Installing HPS Using NGC Containers

All NVIDIA Merlin components are available as open source projects. However, a more convenient way to utilize these components is by using our Merlin NGC containers. These containers allow you to package your software application, libraries, dependencies, and runtime compilers in a self-contained environment. When installing HPS using NGC containers, the application environment remains portable, consistent, reproducible, and agnostic to the underlying host system’s software configuration.

HPS is included in the Merlin Docker containers that are available from the NVIDIA container repository.

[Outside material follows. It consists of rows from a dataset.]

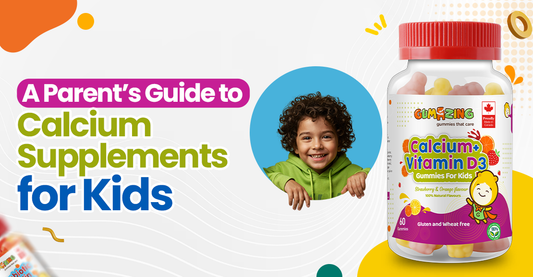A Parent’s Guide to Calcium Supplements for Kids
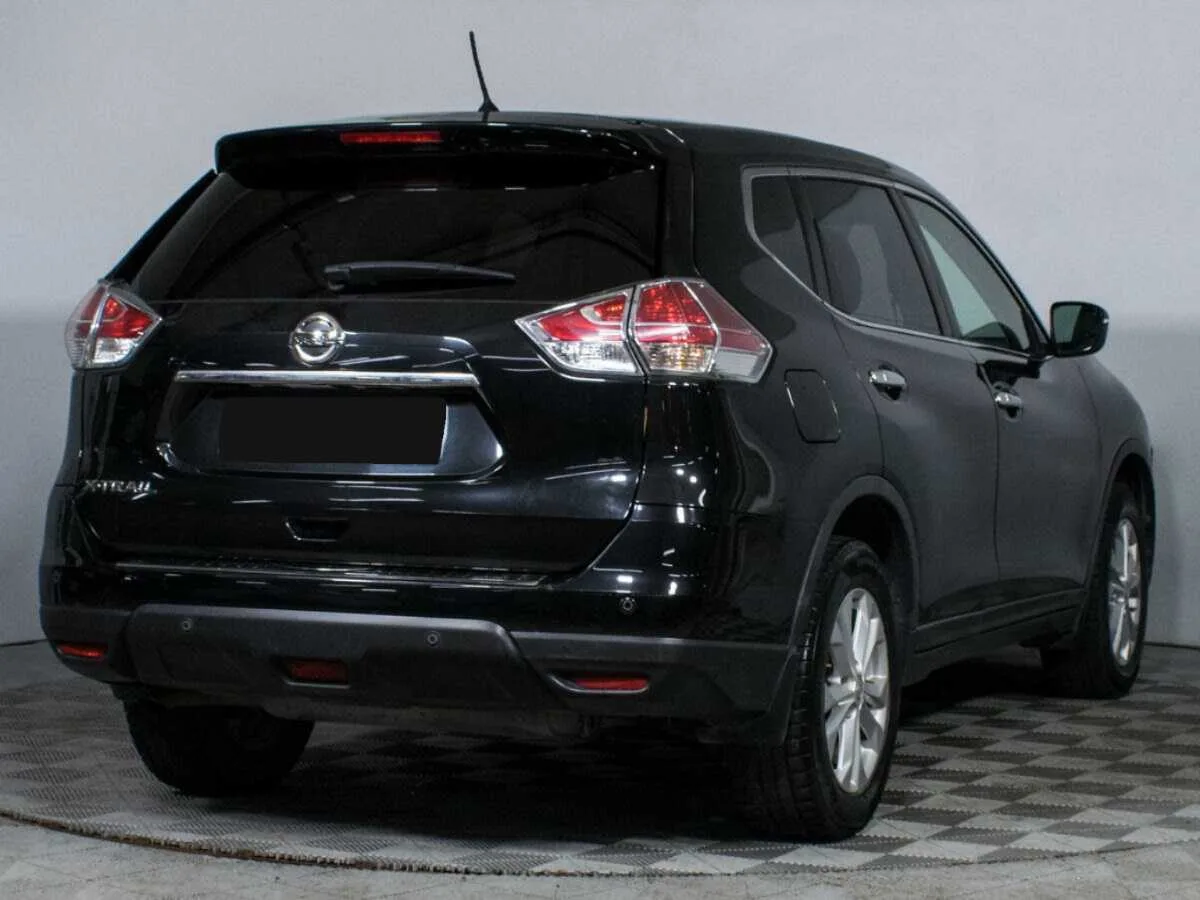 Nissan X Trail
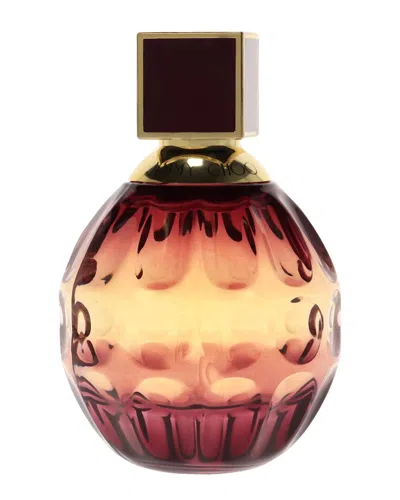 Jimmy Choo Women's 2oz Fever Edp In White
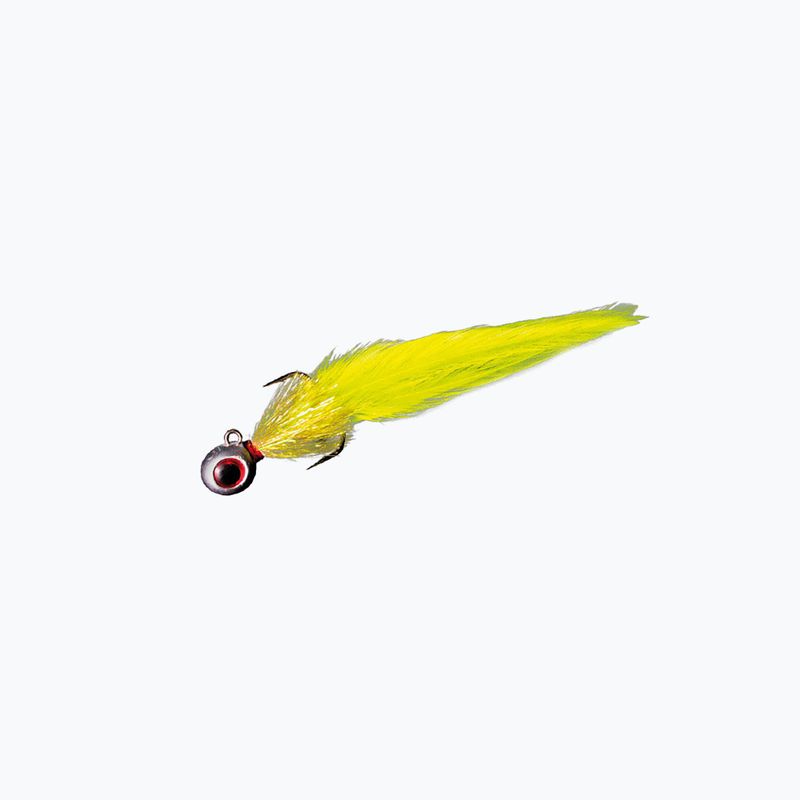 1905 SpinMad Yellow Cock Bait galbenă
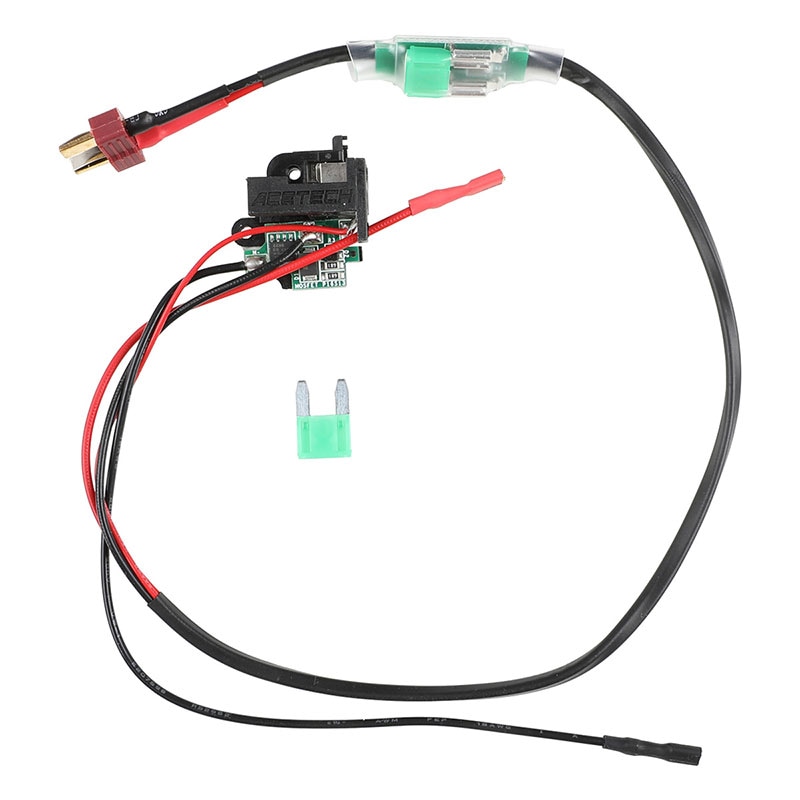電動ガン用FET配線キット APS 製 】 Ver.2 メカボックス 対応 MOSFET トリガーワイヤー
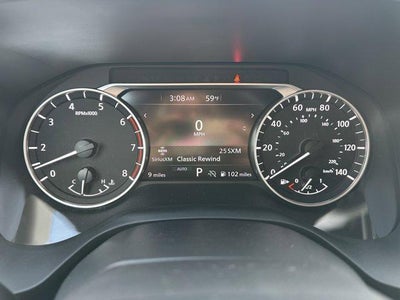 2026 Nissan Rogue AWD Rock Creek *Ltd Avail*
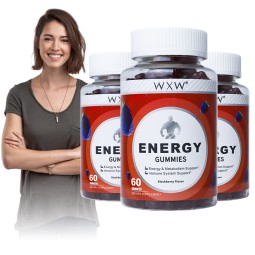 能量软糖供应商 - 批发膳食补充美容软糖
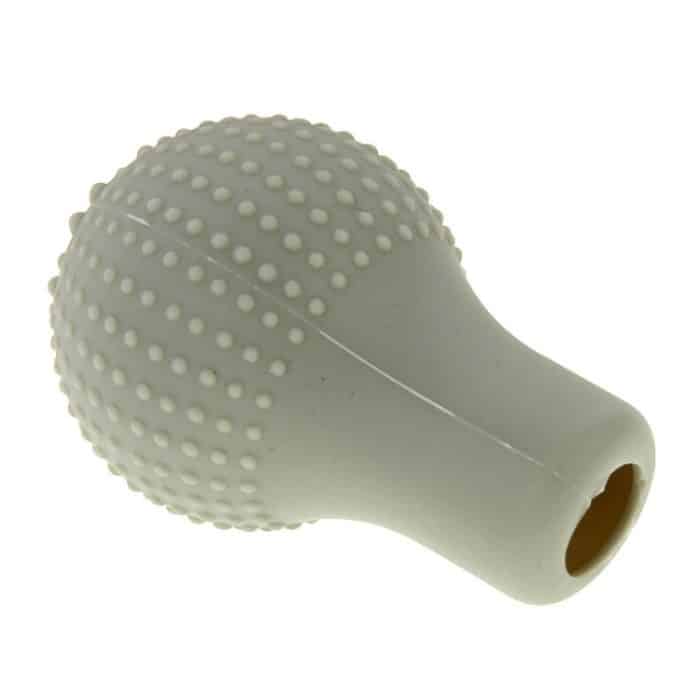 Universelle Elastizität, rutschfeste weiche Silikon-Auto-Schaltknauf-Abdeckung – Bild 4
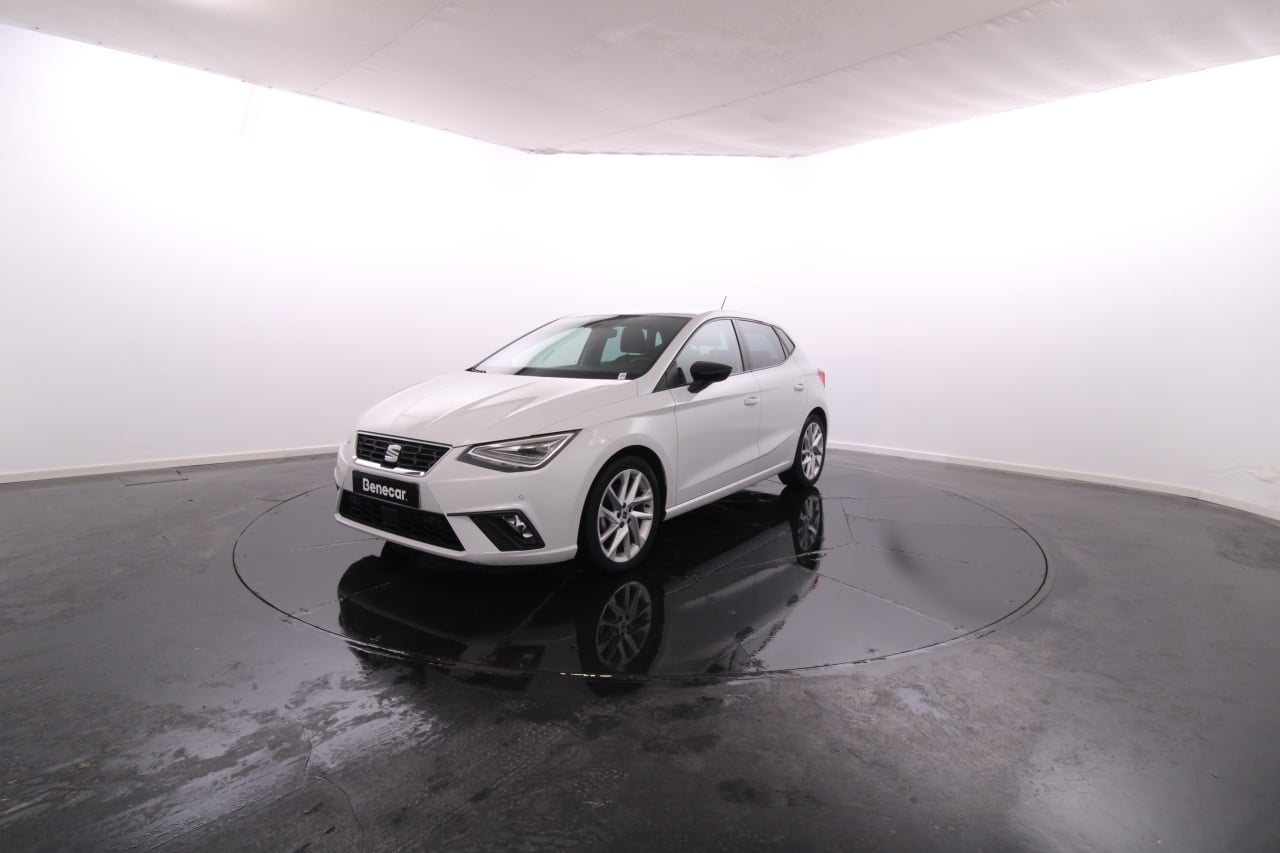 Seat Ibiza Gasoline 4 2024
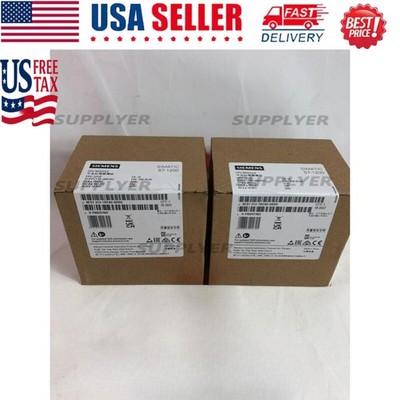 New Siemens SIMATIC S7-1200 CPU 1211C 6ES7212-1BE40-0XB0 6ES7 212-1BE40-0XB0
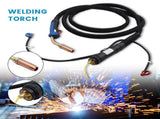 MB501 welding torch hose package MIG MAG 550A hose package 4M water-cooled 33853344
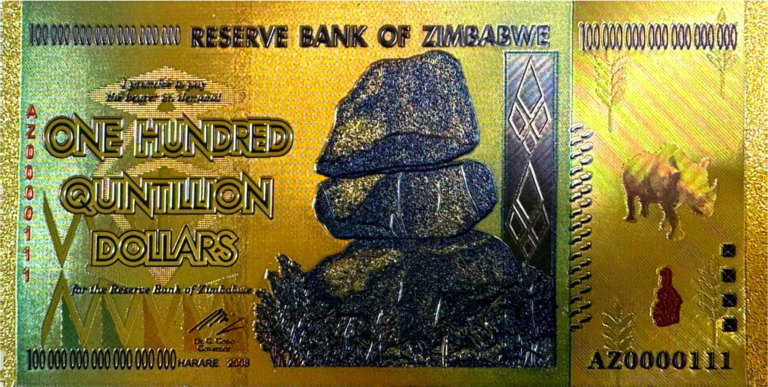 One Hundred Quitillion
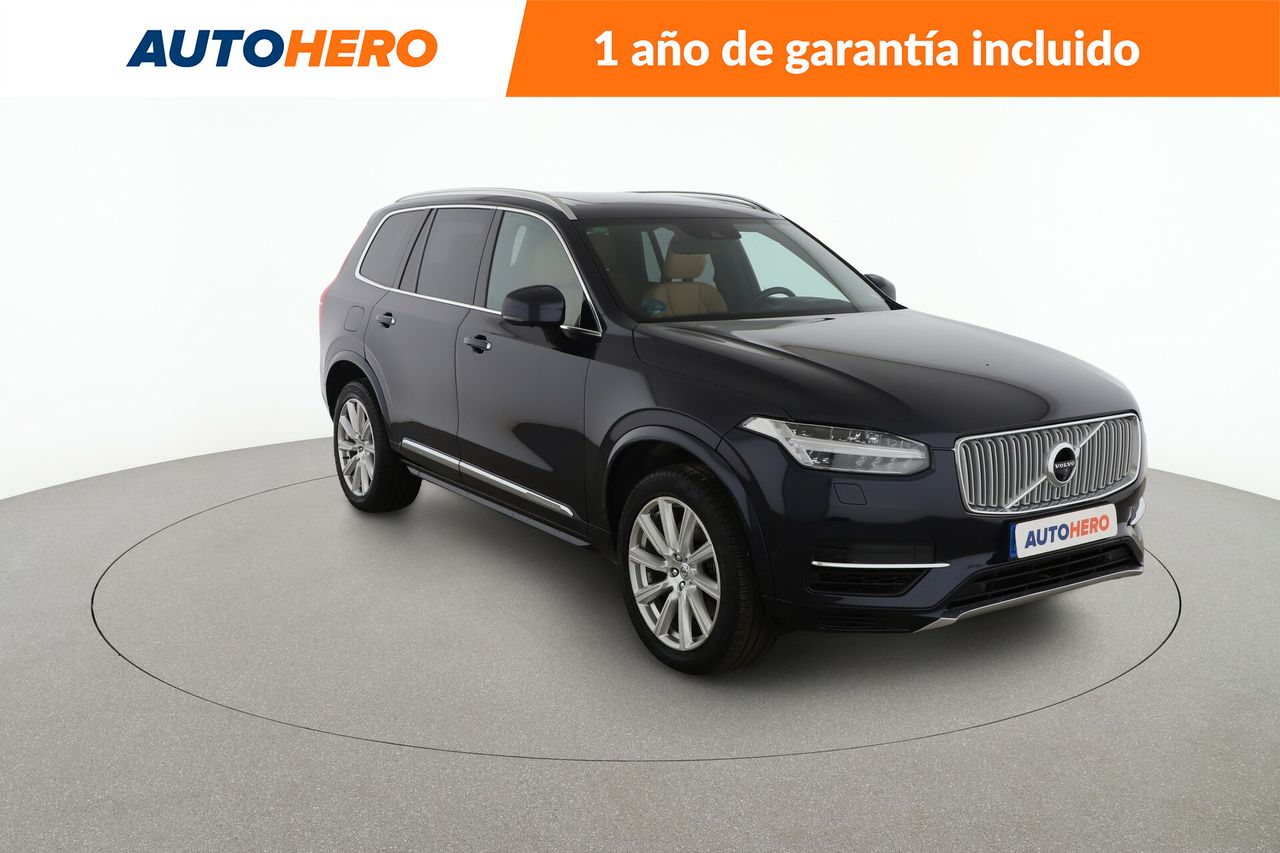 Foto Volvo XC90 8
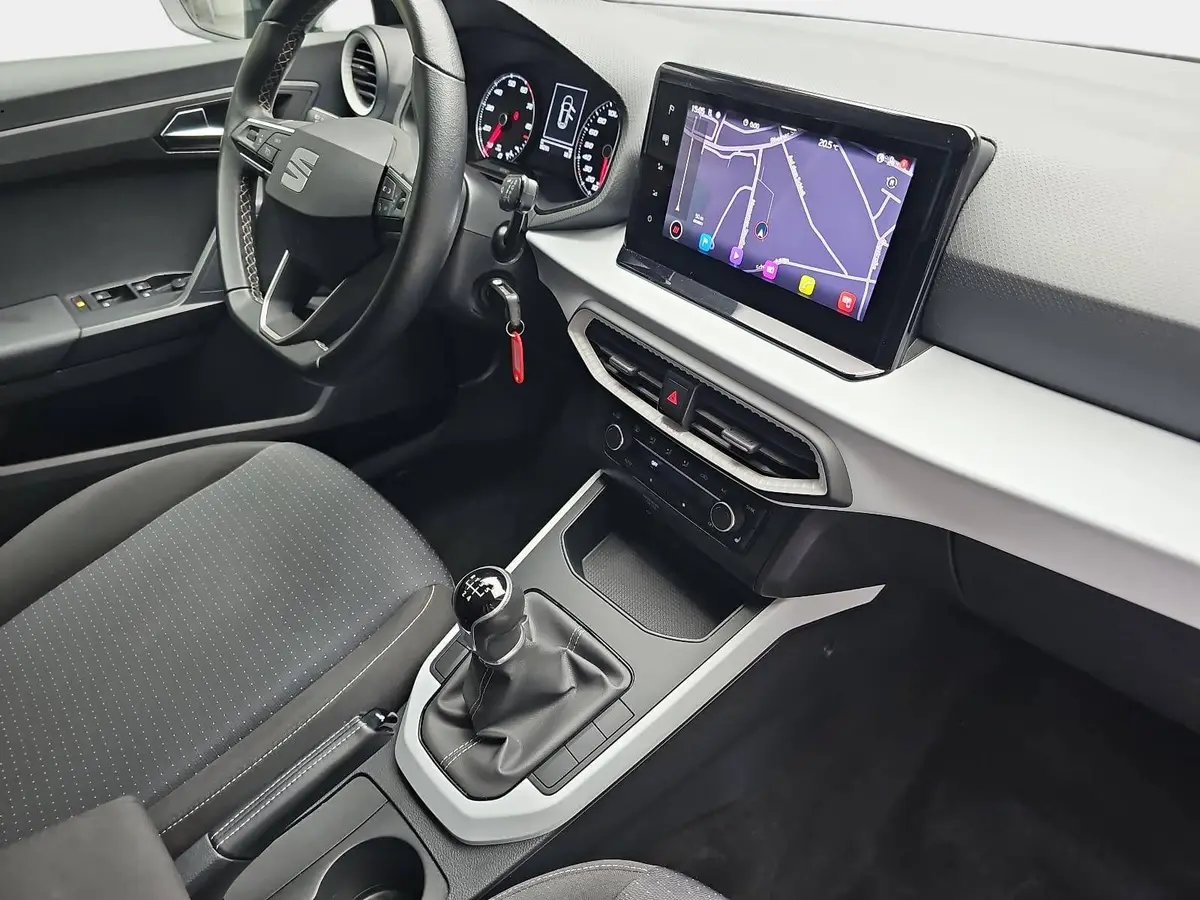 SEAT ARONA 1.0 TSI STYLE NAVI LED GRA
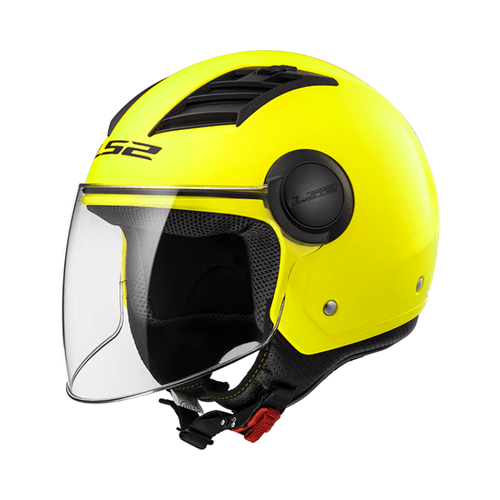 Casco Abierto LS2 562 AIRFLOW Solid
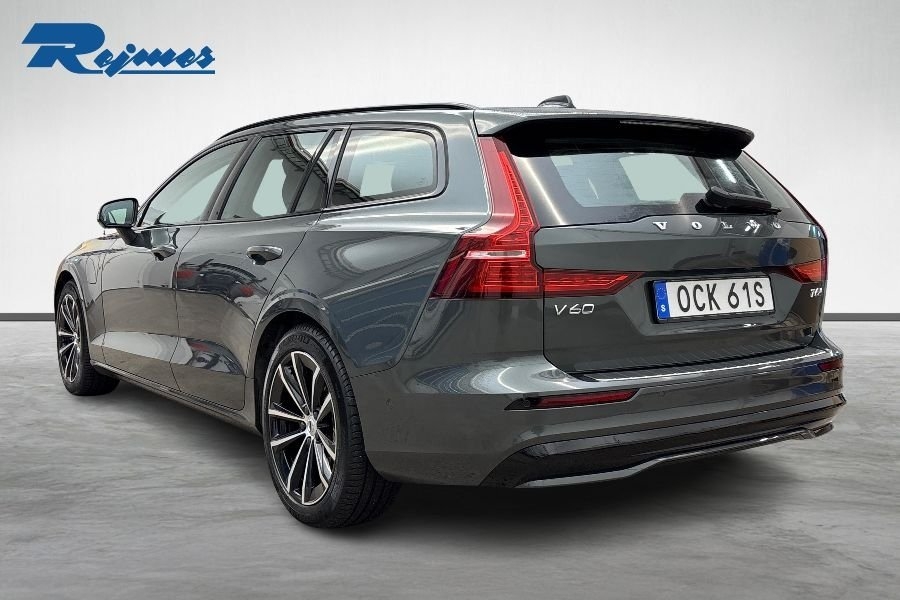 Volvo V60 T6 Plus Dark Nordic Edition 2026, bild 3/10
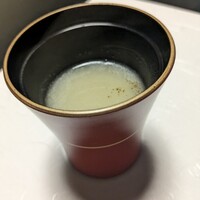 食の家 まつおか - カリフラワー摺り流し。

To use these Docker containers, you’ll first need to install the NVIDIA Container Toolkit to provide GPU support for Docker. You can use the NGC links referenced in the table above to obtain more information about how to launch and run these containers.

The following sample command pulls and starts the Merlin TensorFlow container:

# Run the container in interactive mode
$ docker run --gpus=all --rm -it --cap-add SYS_NICE nvcr.io/nvidia/merlin/merlin-tensorflow:23.02

You can check the existence of the HPS Python toolkit after launching this container:

$ python3 -c "import hierarchical_parameter_server as hps"

Example Notebooks

We provide a collection of examples as Jupyter Notebooks that cover the following topics:

  • Basic workflow of HPS deployment for TensorFlow models

  • Migrating from SOK training to HPS inference

  • Leveraging HPS to load pre-trained embeddings

Benchmark

We benchmark the DLRM TF model with HPS plugin in hps_dlrm_benchmark.md.